Once the line containing "OPEC 174. Olağan" is found in the entries below, reproduce it and every line after it, stopping at and including the line containing "Demetevler Derin Dondurucu Ustası"; reproduce nothing else, and keep each line exact.

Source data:
>>>>

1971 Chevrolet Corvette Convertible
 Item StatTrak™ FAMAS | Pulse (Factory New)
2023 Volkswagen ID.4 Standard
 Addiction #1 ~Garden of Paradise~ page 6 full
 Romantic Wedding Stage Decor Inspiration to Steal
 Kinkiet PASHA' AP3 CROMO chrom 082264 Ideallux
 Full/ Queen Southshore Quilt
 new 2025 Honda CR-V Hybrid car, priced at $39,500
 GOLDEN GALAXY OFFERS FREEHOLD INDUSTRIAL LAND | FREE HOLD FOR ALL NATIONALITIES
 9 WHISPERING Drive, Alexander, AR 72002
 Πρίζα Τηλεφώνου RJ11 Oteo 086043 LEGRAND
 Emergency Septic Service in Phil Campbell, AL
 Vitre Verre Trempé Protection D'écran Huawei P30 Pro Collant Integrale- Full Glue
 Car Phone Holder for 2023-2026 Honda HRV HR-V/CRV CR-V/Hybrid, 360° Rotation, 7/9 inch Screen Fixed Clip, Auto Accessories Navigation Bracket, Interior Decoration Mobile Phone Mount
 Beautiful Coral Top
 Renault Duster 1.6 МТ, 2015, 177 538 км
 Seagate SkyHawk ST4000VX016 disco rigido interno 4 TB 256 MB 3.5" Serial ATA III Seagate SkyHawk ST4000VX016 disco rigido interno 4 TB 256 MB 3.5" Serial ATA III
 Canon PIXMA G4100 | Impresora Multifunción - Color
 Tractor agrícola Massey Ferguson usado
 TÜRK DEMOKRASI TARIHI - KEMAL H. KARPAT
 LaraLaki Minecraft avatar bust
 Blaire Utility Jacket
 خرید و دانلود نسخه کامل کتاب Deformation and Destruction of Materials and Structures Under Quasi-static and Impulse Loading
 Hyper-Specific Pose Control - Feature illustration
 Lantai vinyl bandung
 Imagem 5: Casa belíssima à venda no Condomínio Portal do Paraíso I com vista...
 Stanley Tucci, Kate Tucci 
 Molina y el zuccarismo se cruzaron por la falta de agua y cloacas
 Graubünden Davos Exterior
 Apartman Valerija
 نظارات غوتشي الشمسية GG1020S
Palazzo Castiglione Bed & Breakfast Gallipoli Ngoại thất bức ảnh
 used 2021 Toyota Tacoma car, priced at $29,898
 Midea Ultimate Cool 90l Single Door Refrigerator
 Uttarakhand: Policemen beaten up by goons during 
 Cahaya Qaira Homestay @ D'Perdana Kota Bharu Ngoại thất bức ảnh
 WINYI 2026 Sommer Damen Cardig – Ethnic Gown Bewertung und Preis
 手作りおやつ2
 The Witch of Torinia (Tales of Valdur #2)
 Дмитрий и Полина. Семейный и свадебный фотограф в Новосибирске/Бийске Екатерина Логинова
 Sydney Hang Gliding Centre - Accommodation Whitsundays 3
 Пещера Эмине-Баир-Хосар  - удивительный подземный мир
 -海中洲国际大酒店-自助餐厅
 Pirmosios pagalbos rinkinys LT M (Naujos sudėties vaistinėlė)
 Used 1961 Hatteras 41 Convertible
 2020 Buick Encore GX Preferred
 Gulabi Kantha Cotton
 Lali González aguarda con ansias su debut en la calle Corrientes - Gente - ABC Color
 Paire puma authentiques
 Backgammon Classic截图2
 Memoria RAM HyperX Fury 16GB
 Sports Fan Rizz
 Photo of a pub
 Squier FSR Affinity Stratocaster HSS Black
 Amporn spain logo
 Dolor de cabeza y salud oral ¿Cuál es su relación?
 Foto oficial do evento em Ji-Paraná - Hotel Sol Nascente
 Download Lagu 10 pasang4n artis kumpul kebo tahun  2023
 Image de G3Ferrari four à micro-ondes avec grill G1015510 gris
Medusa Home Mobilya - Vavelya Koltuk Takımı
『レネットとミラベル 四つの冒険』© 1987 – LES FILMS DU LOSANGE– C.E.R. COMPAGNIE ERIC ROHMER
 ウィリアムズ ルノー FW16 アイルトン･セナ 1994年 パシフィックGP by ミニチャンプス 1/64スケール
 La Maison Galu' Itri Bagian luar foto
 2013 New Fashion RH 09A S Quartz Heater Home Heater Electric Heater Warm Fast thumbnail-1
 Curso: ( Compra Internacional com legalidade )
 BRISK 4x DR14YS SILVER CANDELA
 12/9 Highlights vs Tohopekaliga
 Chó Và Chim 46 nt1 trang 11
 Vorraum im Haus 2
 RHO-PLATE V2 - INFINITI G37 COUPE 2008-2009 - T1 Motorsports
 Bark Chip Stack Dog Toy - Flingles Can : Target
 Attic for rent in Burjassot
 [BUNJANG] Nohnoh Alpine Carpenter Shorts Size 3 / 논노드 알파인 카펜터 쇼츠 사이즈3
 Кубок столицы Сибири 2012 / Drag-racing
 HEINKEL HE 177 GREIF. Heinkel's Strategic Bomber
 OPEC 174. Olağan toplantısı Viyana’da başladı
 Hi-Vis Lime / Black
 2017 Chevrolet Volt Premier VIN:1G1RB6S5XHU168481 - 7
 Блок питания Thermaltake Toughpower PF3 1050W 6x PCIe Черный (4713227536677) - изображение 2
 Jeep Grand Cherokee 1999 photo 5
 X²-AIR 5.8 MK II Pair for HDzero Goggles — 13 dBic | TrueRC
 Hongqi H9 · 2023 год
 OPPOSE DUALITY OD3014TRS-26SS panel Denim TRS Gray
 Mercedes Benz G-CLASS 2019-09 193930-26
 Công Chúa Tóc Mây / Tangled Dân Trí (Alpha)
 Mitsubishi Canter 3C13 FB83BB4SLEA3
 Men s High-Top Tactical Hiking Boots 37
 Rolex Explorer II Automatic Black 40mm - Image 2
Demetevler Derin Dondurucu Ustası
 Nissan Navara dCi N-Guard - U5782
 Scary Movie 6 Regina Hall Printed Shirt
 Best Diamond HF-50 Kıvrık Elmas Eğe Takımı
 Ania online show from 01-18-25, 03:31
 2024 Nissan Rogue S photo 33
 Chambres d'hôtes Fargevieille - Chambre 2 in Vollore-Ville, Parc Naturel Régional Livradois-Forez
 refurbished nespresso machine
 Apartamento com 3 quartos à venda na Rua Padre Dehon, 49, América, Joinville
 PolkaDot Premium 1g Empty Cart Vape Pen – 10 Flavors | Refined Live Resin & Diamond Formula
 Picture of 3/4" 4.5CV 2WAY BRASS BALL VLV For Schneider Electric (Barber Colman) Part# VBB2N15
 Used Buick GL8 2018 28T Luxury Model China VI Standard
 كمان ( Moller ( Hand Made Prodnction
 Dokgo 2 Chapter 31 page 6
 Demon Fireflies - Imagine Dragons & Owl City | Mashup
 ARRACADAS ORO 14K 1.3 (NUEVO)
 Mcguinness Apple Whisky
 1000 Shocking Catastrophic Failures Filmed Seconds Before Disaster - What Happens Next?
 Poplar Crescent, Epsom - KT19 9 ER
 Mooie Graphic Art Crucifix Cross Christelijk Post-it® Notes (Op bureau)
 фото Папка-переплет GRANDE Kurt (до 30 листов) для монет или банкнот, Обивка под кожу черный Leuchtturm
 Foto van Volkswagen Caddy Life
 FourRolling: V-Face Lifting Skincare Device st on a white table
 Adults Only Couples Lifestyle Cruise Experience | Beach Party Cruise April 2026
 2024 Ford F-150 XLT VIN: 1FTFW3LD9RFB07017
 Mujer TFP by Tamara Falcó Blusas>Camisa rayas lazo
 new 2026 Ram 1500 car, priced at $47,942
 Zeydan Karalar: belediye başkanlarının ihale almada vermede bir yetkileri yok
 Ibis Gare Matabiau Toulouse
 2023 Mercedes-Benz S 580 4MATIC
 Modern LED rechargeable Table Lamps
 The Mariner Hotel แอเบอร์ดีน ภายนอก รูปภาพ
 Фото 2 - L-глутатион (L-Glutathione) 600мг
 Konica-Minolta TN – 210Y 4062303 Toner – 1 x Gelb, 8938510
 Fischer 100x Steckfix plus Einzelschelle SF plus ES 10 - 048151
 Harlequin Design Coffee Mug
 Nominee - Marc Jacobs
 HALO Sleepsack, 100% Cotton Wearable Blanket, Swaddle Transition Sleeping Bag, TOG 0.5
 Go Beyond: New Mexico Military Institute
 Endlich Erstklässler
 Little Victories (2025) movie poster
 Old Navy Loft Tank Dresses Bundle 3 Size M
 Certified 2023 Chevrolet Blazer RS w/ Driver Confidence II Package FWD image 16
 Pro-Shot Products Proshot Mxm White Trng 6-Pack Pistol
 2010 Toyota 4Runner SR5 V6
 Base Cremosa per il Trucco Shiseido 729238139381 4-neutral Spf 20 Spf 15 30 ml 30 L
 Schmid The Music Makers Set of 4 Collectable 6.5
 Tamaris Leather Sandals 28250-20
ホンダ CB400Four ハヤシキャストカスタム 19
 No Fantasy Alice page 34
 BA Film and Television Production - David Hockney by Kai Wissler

<<<<

** PROBLEM SOLUTION **
 OPEC 174. Olağan toplantısı Viyana’da başladı
 Hi-Vis Lime / Black
 2017 Chevrolet Volt Premier VIN:1G1RB6S5XHU168481 - 7
 Блок питания Thermaltake Toughpower PF3 1050W 6x PCIe Черный (4713227536677) - изображение 2
 Jeep Grand Cherokee 1999 photo 5
 X²-AIR 5.8 MK II Pair for HDzero Goggles — 13 dBic | TrueRC
 Hongqi H9 · 2023 год
 OPPOSE DUALITY OD3014TRS-26SS panel Denim TRS Gray
 Mercedes Benz G-CLASS 2019-09 193930-26
 Công Chúa Tóc Mây / Tangled Dân Trí (Alpha)
 Mitsubishi Canter 3C13 FB83BB4SLEA3
 Men s High-Top Tactical Hiking Boots 37
 Rolex Explorer II Automatic Black 40mm - Image 2
Demetevler Derin Dondurucu Ustası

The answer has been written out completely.